真綿を引く、という感覚がまずたいへん。そして、絡んだ糸を面倒みるのが、糸と仲良くできずにおやおや、という感じでした。
真綿を台に掛けたときの風合いは、他で見ることのできない柔らかさで、とても心が癒されました。

糸染め
色素を煮出すのは長時間ぐつぐつだと思い込んでいたので、色が出てわずかな経過で火を止めるのがとても意外性ありました。
また、桜が媒染で変わっていくさまが不思議で、金属の働きについて、あらためて知りたいと感じています。(これでも理系なので)
染めが面白かったので、このあと別のところに3回も染め体験にかよってしまったのは内緒です。
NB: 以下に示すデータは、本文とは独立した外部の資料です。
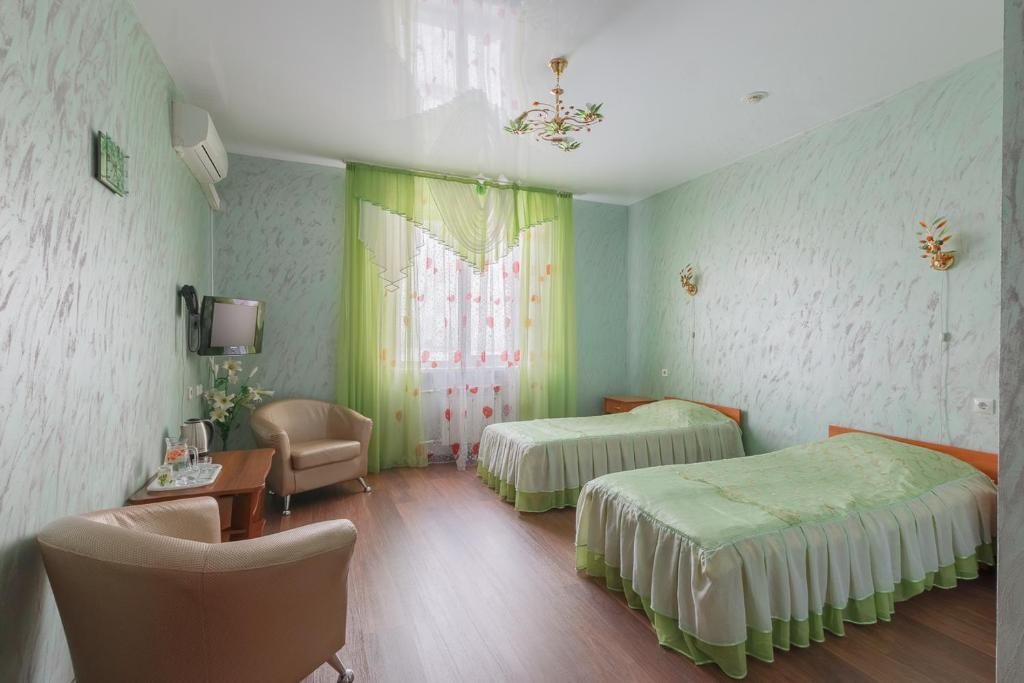 Двухместный (Двухместный номер с 2 отдельными кроватями и ванной комнатой) отеля Грилуиз, Красноярск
スーパー不器用なので、なかなかうまくいかないだろうと思いきや。
思ったよりも手足が動いて驚き、また、楽しい体験になりました。
設計をするのも楽しく、だいたい思っていたとおりの縞が織り出されてきたときには、なんというか、やるじゃんあたし<( ̄^ ̄)>な気持ちになりました。
多くの色を使うことも考えたのですが、自分の糸を活かすには、あのくらいかなーと今思い返しても、そうそう、と思います。
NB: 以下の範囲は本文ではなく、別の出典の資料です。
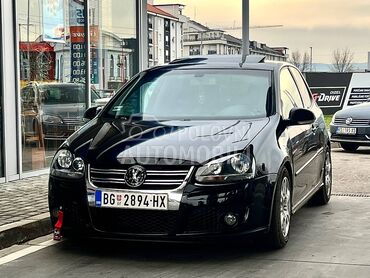 Volkswagen Golf 5 R32 LOOK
こうして、布を作ることの基本作業を体験してみて、着物や帯の価格の妥当性に思い至ることとなりました。
また、今日は、引退なさる藍染師の工房を見学してそれらの作業の重労働であることを知り、日本経済の歪みが全ての分野で起きていること、価格破壊って生活破壊なんじゃないか…と頭を抱えてしまったのでした。 M.T.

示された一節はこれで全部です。